Pub Date: July 1st, 1994
Publisher: "Farrar, Straus & Giroux"

Czech ÉmigrÉ Pekárková, author of Truck Stop Rainbows (1992), spins a contemporary tale of life in an Austrian refugee camp. Jitka bids a rather cold-blooded farewell to her married lover, Standa, in Prague and with motley male assistance hies herself across a few borders until she's safely in Italy. Once her presence there is discovered, she's sent to Traiskirchen, a refugee camp on the outskirts of Vienna, where with the other FlÜchtlingen -- those who've fled, flown -- she endures her first taste of Western freedom. The taste is mostly sour, the camp ""an institution of waiting. A place where nothing that happened at the moment held any meaning unless it directly influenced what would (hopefully) happen at some point in the future."" Living in a barracks with half a dozen other women (and their various boyfriends), working menial jobs outside the camp, assembling petitions to different countries for emigration, Jitka stays sane -- like everyone else, it seems -- through sex. She is epically promiscuous; a man in her bed is an acknowledgement of needs shared, of not being alone in what to the escapees is a frighteningly large world.

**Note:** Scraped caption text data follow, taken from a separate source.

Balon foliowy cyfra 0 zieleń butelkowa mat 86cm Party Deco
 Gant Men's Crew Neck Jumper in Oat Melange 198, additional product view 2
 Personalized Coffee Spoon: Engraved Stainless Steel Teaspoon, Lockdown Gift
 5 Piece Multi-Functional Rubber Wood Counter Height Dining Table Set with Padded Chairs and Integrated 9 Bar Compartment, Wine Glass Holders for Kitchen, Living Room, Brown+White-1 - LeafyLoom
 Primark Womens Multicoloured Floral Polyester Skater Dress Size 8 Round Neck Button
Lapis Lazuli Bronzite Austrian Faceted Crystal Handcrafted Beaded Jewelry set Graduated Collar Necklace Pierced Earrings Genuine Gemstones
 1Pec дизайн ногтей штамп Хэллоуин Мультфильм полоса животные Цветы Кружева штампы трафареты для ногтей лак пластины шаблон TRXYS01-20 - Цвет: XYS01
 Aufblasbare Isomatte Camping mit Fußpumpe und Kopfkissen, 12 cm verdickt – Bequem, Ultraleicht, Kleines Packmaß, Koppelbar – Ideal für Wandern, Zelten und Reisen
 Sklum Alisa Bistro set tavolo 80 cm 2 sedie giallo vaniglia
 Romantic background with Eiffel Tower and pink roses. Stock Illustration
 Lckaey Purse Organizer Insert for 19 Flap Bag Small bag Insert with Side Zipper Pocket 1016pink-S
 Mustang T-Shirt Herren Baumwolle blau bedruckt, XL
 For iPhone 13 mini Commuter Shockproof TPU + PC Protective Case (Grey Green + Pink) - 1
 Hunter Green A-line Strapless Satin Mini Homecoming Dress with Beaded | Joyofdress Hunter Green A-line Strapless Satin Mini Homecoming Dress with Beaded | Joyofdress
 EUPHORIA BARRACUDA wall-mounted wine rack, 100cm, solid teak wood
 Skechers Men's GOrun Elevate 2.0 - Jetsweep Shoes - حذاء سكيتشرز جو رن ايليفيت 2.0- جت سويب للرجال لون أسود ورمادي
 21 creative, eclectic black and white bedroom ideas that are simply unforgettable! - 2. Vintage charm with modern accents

But when Jitka is brutally gang-raped by a group of Albanians in the men's barracks, this dream of body-sharing has its evil side flipped up to the light. When she is finally allowed to leave for America, she is more than ready. Pekárková evokes the sensations of this purgatory well enough, but the book is thin and overly narrated: other voices intrude, but like the men Jitka takes into herself, they are never quite there, nor do they last beyond immediate use. A novel that reads like a memoir -- and a curiously abstract one at that, despite its origins in teeming disadvantage.